Happy New Year or l'shana tova.

In love,
A

Thursday, September 06, 2012

Scientists Link Children to Theism in Beflusterformed Parents

I became a praying woman this summer.

"But you are a minister," you say?

Let me rephrase. I became a begging, praying woman this summer.

God, thank you for so many blessings but, babe, these kids gotta go. Somewhere. Anywhere. Preferably a jobs training program, a really intense one. But they gotta go.

Here's the funny thing, at ages 10 and 7 this was one of their best summers ever. They learned how to play together. They weren't whining all the time. They could entertain themselves sometimes. They were funny and happy often.

So what's the problem? I think what got me was the intensity of focus. Those kids spend way too much time staring at me.

"You got something on your lip, Mama." That's a zit, you little twit.

"You sure are white." That's because I don't have adoring grandparents with pool access. And I prefer the term "very light-skinned".

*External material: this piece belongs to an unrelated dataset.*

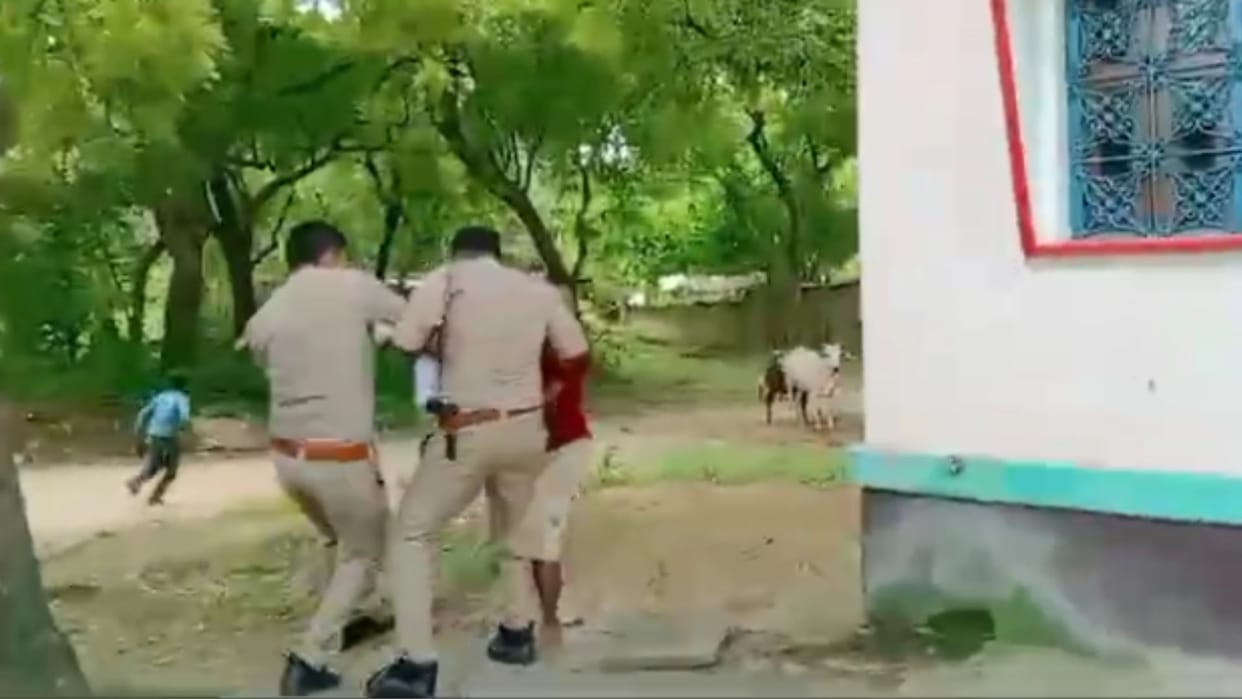 Video viral of PRV jawans who reached land dispute beat up youth in jaunpur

"Your roots are showing." Ok, THAT'S IT! Back to school with you, you little perfectly visioned monster.

It was never ending: You dance funny. Your boobies are ginormous. Your breath smells like raisins and I don't like raisins. Stop falling asleep, I want to tell you something. Rub my back. Scratch my hair. Bake me a cake.

Heh heh. I did bake them cakes. Each odd in its own way. And the little boogers thanked me repeatedly, hugged me, ate every bite, and mourned them when they were gone.

And when they want to tell me something, it is often great. I love the funny little things they tell me about their theories on the origins of humanity. She wants a really big piece of paper to write Earth's family tree on. She says she'll write really really really small. He says she can't because there are several lines of humanity including the crew that came from the mating of the pink-butted with the not-so-hairy primates. Then there are the ones that come from the flat butted and flat forehead mating, and so on.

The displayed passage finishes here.